Terlebih lagi, siapa sebenarnya 3 tokoh yang akan ditunjuk untuk menjalankan pemerintahan transisi? Kenapa tidak sejak awal 3 nama yang diusung itu “dijual” kepada publik untuk mendapat tanggapan masyarakat? Yakinkah 3 nama yang akan ditunjuk MKRI nanti benar-benar sosok yang didukung dan dikehendaki rakyat? Sekarang sudah bukan jamannya lagi membeli kucing dalam karung. Jadi calon legislatif saja harus memperkenalkan nama dan sosoknya di daerah pemilihannya. Apalagi mau menjadi pemimpin negara yang konstituennya 240 juta rakyat dan daerah pemilihannya 33 propinsi. Dikenal rakyat saja tidak cukup, apalagi belum dikenal.

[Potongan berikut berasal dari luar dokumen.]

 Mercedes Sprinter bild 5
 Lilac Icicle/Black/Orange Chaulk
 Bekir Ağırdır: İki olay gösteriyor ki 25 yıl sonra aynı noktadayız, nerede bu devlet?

Sebaiknya, jika Ratna Sarumpaet berkeinginan menjadi pemimpin negeri ini, ada 2 hal yang bisa dilakukannya sekaligus membuktikan dirinya benar-benar didukung rakyat. Cara pertama, Ratna bisa membuat parpol, supaya adil dengan parpol baru lainnya, Ratna harus membuktikan parpolnya mamu menggaet massa dan punya cabang di 33 propinsi dan 300-an lebih kabupaten/kota seluruh Indonesia. Bukan soal yang mudah dan butuh dana besar. Tapi ini jelas lebih legitimate ketimbang hanya main klaim aksi “kudeta”nya didukung rakyat di berbagai kota di Indonesia. Kalau Ratna jadi pimpinan parpol, ia bisa memerintahkan kader parpolnya di seluruh penjuru tanah air untuk melakukan aksi yang diinginkannya. Tentu saja jika benar-benar bisa mengumpulkan kader secara riil dan tak hanya mengandalkan fotocopy KTP yang bisa saja ganda.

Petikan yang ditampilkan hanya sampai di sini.